Firstly, Wittgenstein insisted that following a rule is not an interprettation in the sense of theoretical activity, in which a general rule of thumb can be applied to individual cases. The perception of rule-following as interpretation leads to a regression of rules for rules. Interpretations by themselves do not determine meaning. The resulting characterization of rule-following as a practice neatly summarizes the embedding of using rule-expression with ways of action that they determine cf.
The manner of using a linguistic expression has no immediate equivalent in grammatical form. That tells us as little as interpretation about the right way to use an expression without any doubt.
Is Ethics a Science?
To understand a language means to be master of a technique. On the contrary, in the language game of practicing, it is not yet a use to follow a rule. The only course of action is therefore to oppose the practiced link of expression and use. In that case, however, another game is already being played:.
You cook badly if you are guided in your cooking by rules other than the right ones; but if you follow other rules than those of chess you are playing another game ; and if you follow grammatical rules other than such-and-such ones, that does not mean you say something wrong, no, you are speaking of something else. Z In that sense, the use hardly differs from games like chess.

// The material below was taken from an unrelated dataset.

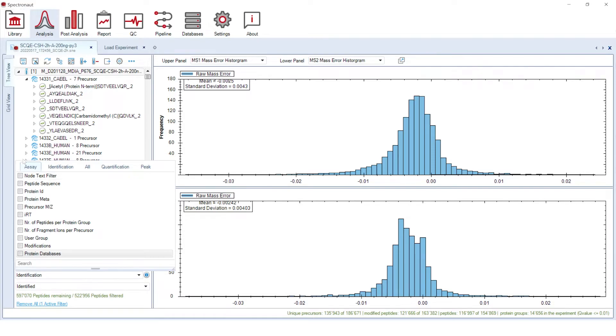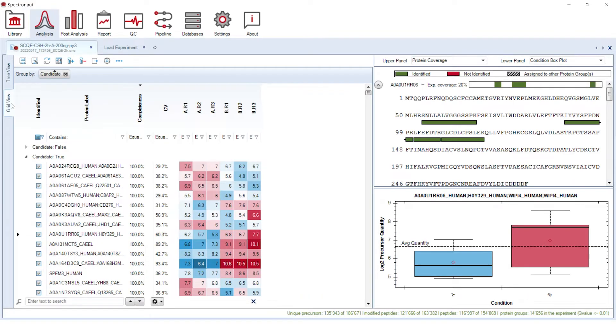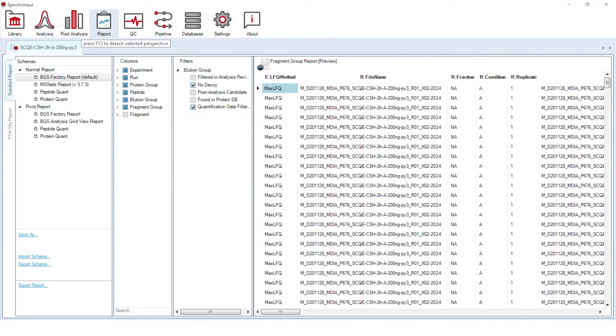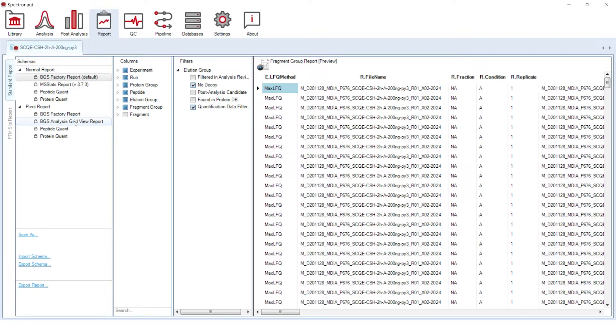The grid view, on the other hand, offers a user-friendly overview of the quantification results displayed in a protein group-centric manner. Grid view data can now be easily exported from the report perspective using a dedicated grid view report schema.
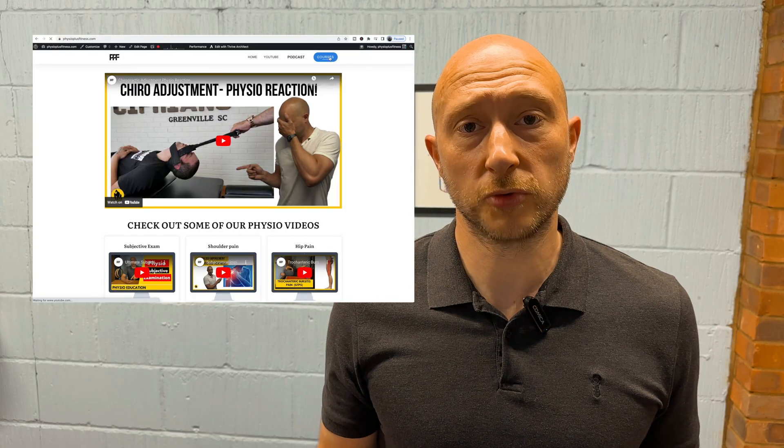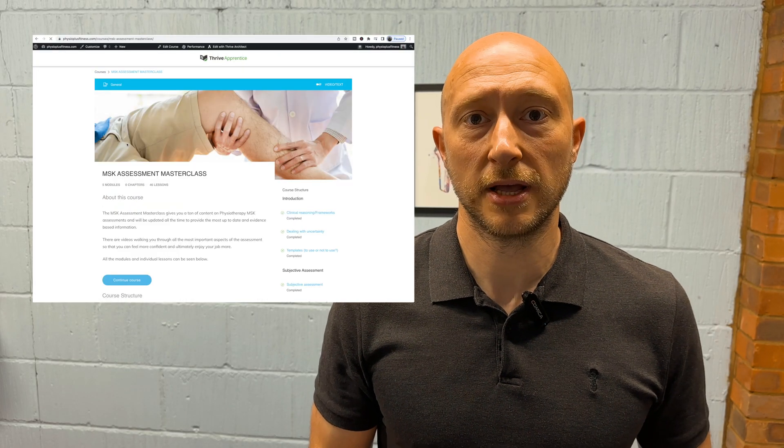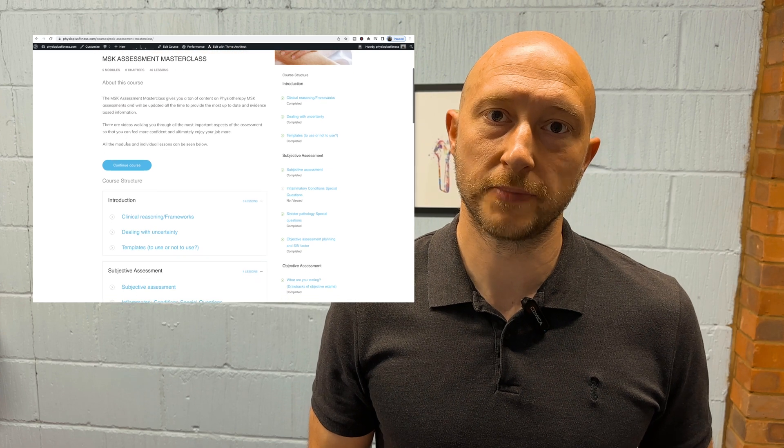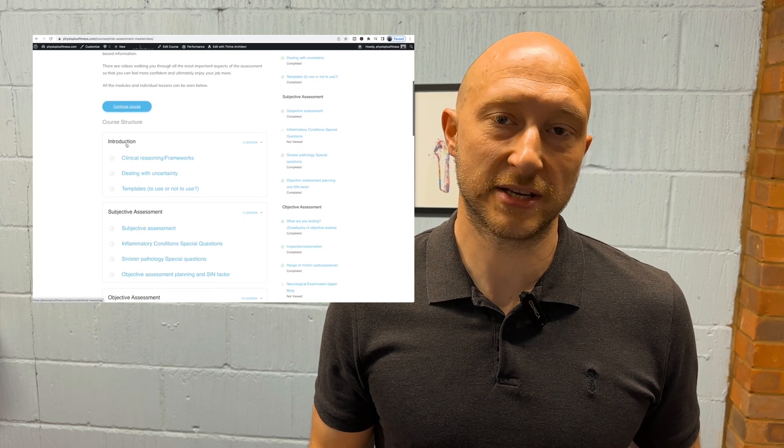If you want to be a more confident therapist and effectively manage patients really optimally, press subscribe and hit the bell icon — that way you won't miss any of these videos where we give loads of content for therapists. Plus, check out my ultimate course on MSK assessment, the MSK Masterclass, at physioplusfitness.com. If you liked that special test cluster video, I know you're going to love this one — check it out.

Usage alone is a criterion to test if someone actually follows the rule. By that, Wittgenstein means the respective association of activities and actions in language games, amongst those language games, and in human life as a whole. The argument implies, namely, that consensus must already exist in the judgements themselves, before the rules that hold sway in discourse ethics can even be effective in society. Rather, what is necessary is a further consensus of the manner of its application.
Yet that way is only made manifest in the practice of rule-following, which in turn, constitutes a way of life. Even rules of discourse, therefore, only consist of a complexity of practices that are relative to the life form. For that reason alone, they are recognized as such and followed as rules. Rules devised from such theories for ethical-practical discourses are. If no such culture existed, this particular version of a minimal morality would not even be plausible to us.
However, these ideas only function with specific cultural systems that, in turn, yield independent and varying forms. The kind of consensus on these practices that exists in such a system is not the result of a rational consensus building, but is rather created by a common way of life. Only this common aspect facilitates the identification of valid norms; and it can be described as a complex process of participation in socially diverse practices, language games and discourses that provide the context for what may be called in this sense the basis of a line of argument:.
On the Ethics of Open Science – Sage Bionetworks
All testing, all confirmation and disconfirmation of a hypothesis takes place already within a system. And this system is not a more or less arbitrary and doubtful point of departure for all arguments: no, it belongs to the essence of what we call an argument.
The system is not so much the point of departure, as the element in which arguments have their life. OC, Certainly; but how far do they go?